[Work instructions]:
Skip every image and restate the data word for word.

START Data excerpt

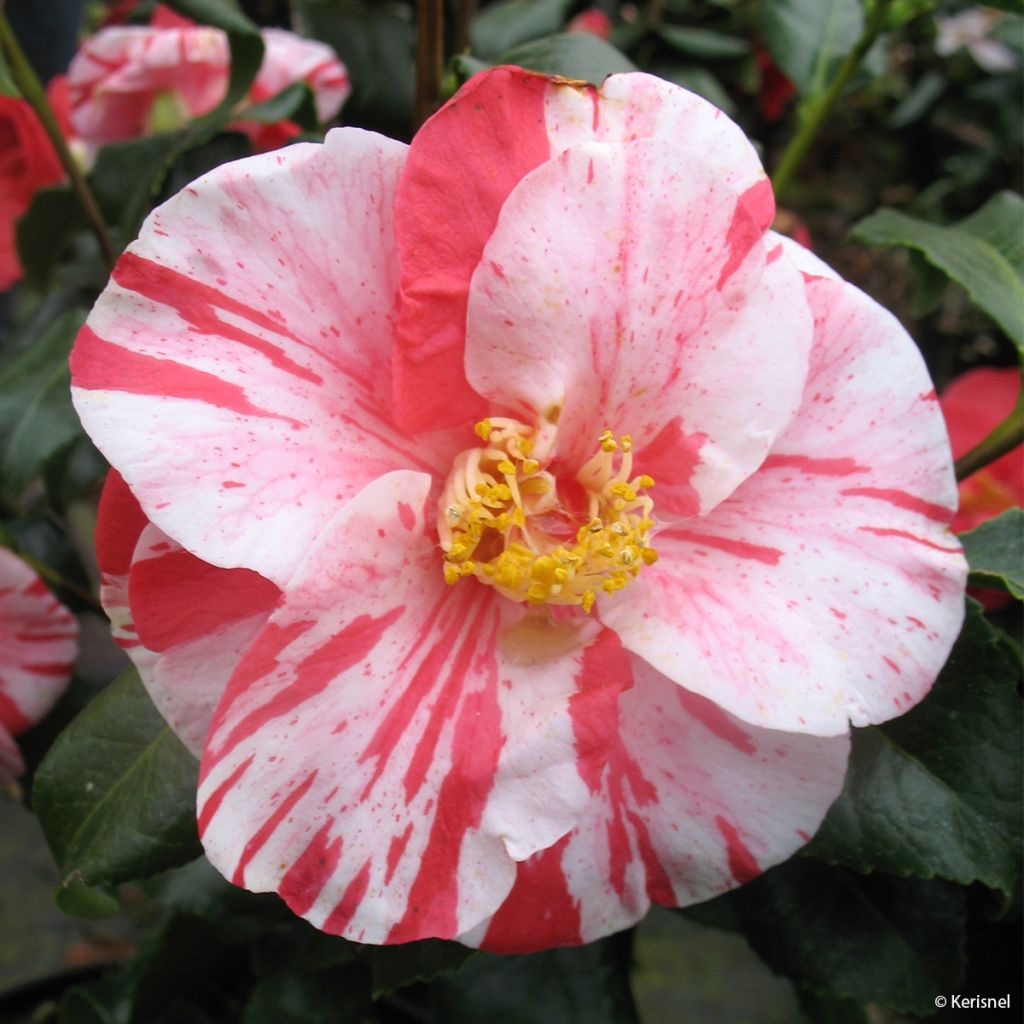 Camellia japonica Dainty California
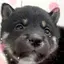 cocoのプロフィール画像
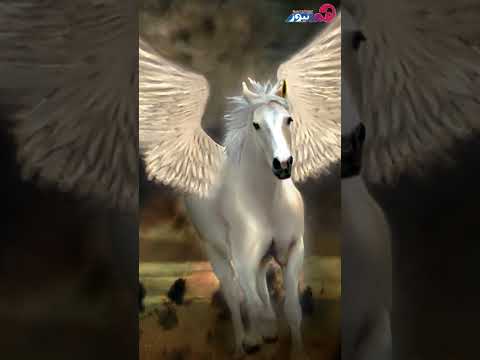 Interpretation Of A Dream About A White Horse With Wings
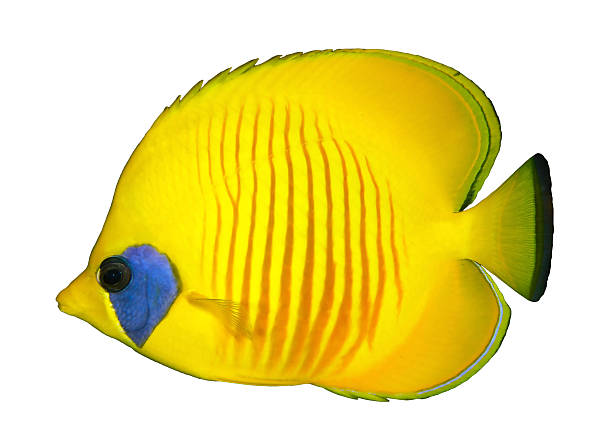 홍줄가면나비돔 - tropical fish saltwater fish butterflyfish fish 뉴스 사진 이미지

END Data excerpt

[Written response]:
 Camellia japonica Dainty California
 cocoのプロフィール画像
 Interpretation Of A Dream About A White Horse With Wings
 홍줄가면나비돔 - tropical fish saltwater fish butterflyfish fish 뉴스 사진 이미지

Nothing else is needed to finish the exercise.